Une présence économiquement intéressante, mais aussi au niveau de la motivation des équipes, selon le patron du studio. "Cela fixe des dates-butoirs pour nous aussi en interne et cela nous permet d’avoir un objectif commun sur lequel travailler. Nous sommes avec Tencent, mais ils n’interviennent que très peu, et pas pour nous imposer des dates de rendu", souligne-t-il. "Quand vous avez une date, vous devez faire quelque chose et ça galvanise toute l’équipe."

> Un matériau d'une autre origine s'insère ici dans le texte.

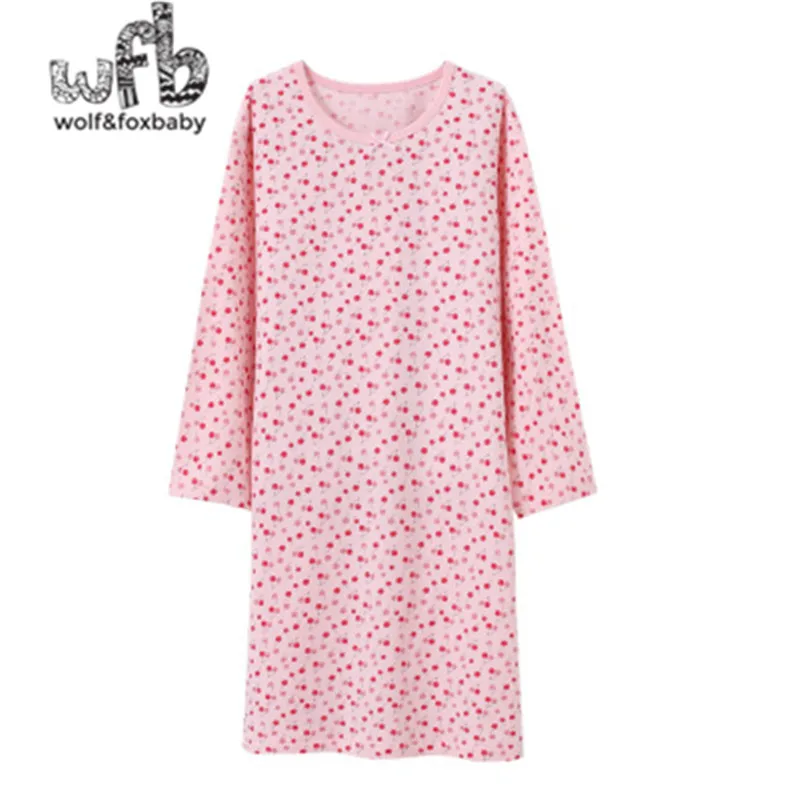 Retail 3-14 jaar lange mouwen katoen kinderen homewear nachthemd meisje baby pyjama herfst herfst Lente print Cherry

Le piège de trop vouloir en montrer

Des images rythmées, une musique qui pulse, des séquences de tir et un trailer qui marque les esprits: Den of Wolves s’est donc un peu plus dévoilé pour montrer son ambiance science-fiction, ses séquences de tir en équipe et ses braquages musclés. On a également un peu plus vu la ville de Midway City, paradis financier hautement sécurisé pour conglomérats désireux de se protéger des cyberattaques qui se multiplient dans ce monde ultra-technologique de la fin du XXIe siècle.

Autant d’éléments qui sont mûrement réfléchis en amont lorsqu’ils sont révélés. "Pour être honnête, il n’y a pas beaucoup d’environnements du jeu que nous pouvons montrer pour le moment. Mais nous pensons qu’ils sont suffisamment beaux pour les mettre dans un trailer. Alors il faut choisir le bon angle de vue, les bons ennemis à montrer", reconnaît le patron du jeu. "Il y a donc tellement de choses que vous choisissez de ne pas montrer parce qu’en termes de qualité, ce n’est pas encore ce que vous voulez."

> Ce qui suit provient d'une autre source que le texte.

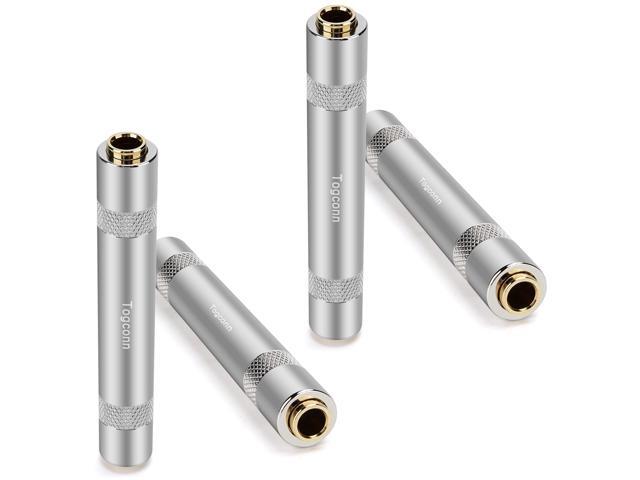 1/4 Inch Female to Female Gold-Plated Coupler (4 Pack), 1/4' Stereo and Mono Jack Adapter Joiner, 6.35mm Extension Gender Changer Converter...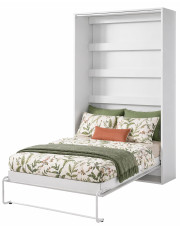 Biały pionowy otwierany tapczan z półką - Ratisso 6X 160x200 w sklepie Edinos.pl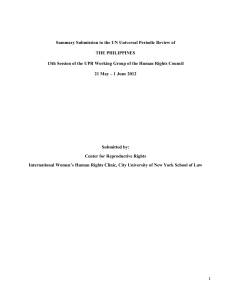 Summary Submission to the UN Universal Periodic Review of the
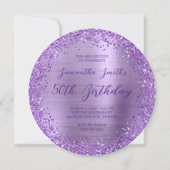 円形のキラキラ紫色のフォイル50誕生日 招待状 (正面)
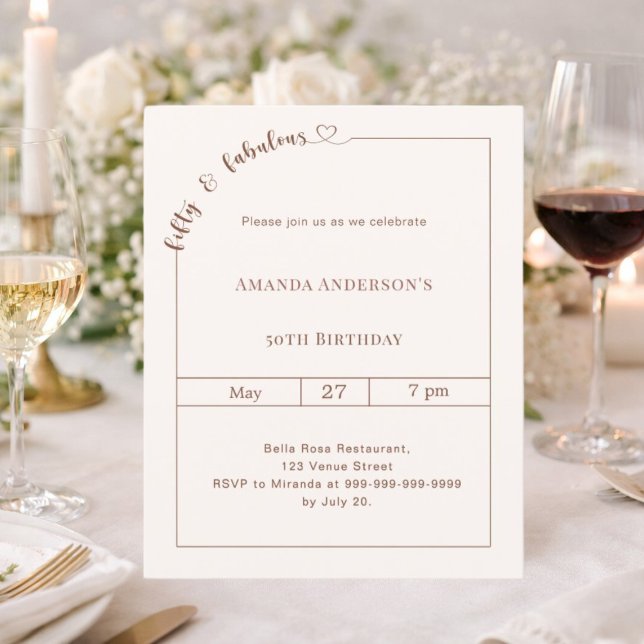 50 and fabulous ivory birthday invitation (Creator Uploaded)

Vous ne verrez donc pas encore de séquences de furtivité, juste de l’action pour sentir l’intensité du jeu "parce que c’est ce qui fonctionne dans une bande-annonce." C’est avant tout le joueur qu’il faut séduire en donnant le ton. Et celui-ci sait se montrer intransigeant. C’est sans doute la plus grande peur pour les équipes. "Faire une bande-annonce, c’est extrêmement stressant. Si elle fuite avant, ce n’est bon ni pour nous ni pour le joueur", confie Robin Björkell, responsable de la communication du studio.

Si vous n’êtes pas sûrs que ce sera dans le jeu, ne le montrez pas. Les joueurs ont de la mémoire… Ils vont décortiquer chaque seconde du trailer et l’analyser. Et quand vous sortez le jeu, ça a l’air différent. Ils sont intraitables là-dessus".

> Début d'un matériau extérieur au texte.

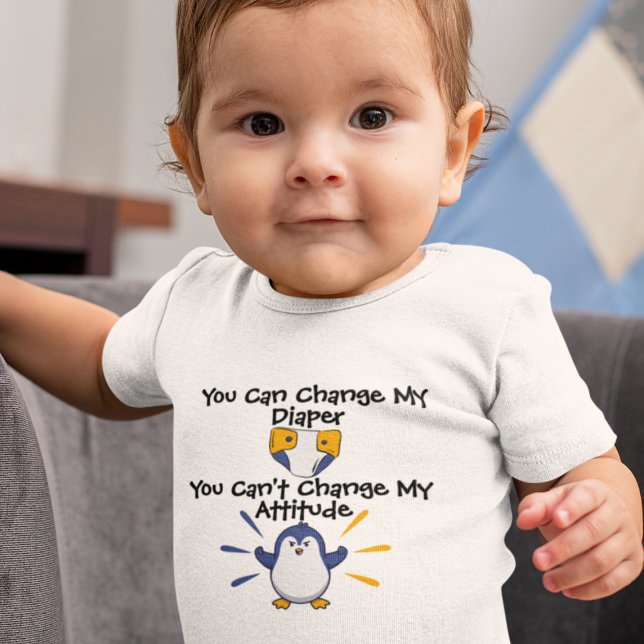 Spunky Penguin with Attitude  Baby Bodysuit (Creator Uploaded)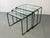 Modernist Italian Black steel and Glass Set of nesting Tables. Sizes 50x40x40 47x40x37 44x40x34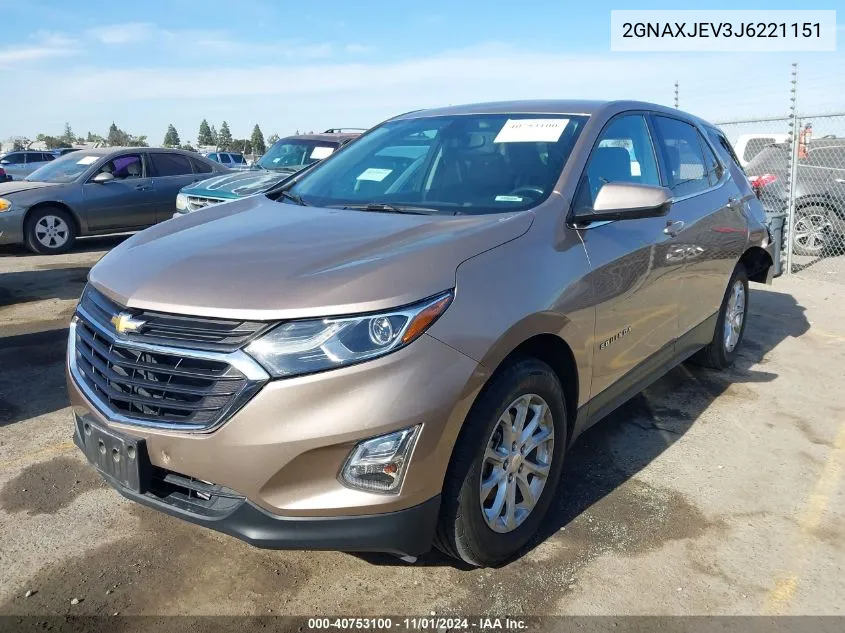 2018 Chevrolet Equinox Lt VIN: 2GNAXJEV3J6221151 Lot: 40753100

"C’est amusant de les voir aussi passionnés", admet Simon Viklund. "Cela témoigne de leur intérêt. Souvent, cela peut sembler agaçant, mais au final, c’est ce que vous leur avez dit, ce que vous leur avez montré, les infos qu’ils ont. Et ils fondent leur vision du jeu sur ça. Il faut donc faire attention". De l'importance pour 10 Chambers de savoir "se ménager, ne pas trop en révéler ni trop promettre."

Den of Wolves
Den of Wolves © 10 Chambers

Une forme de pression qui, quelques heures avant les Game Awards, met les équipes de Den of Wolves un peu en stress malgré l'habitude de leur 4e participation. Et leur directeur narratif se met, lui, une pression supplémentaire. Il est aussi l’homme derrière la musique du trailer et du jeu. "Pour Payday, c’était devenu une musique assez populaire auprès des joueurs. Je me suis dit que là aussi peut-être. J’ai donc dû 'étendre' la musique du trailer pour en faire un morceau de trois minutes qui pourrait arriver sur Spotify", s’amuse l’intéressé.

Réponse d’ici vendredi pour savoir si le trailer a été bien reçu et la musique aussi. Le jeu, lui, se fera attendre encore un peu sur PC avec néanmoins une phase de beta à venir prochainement.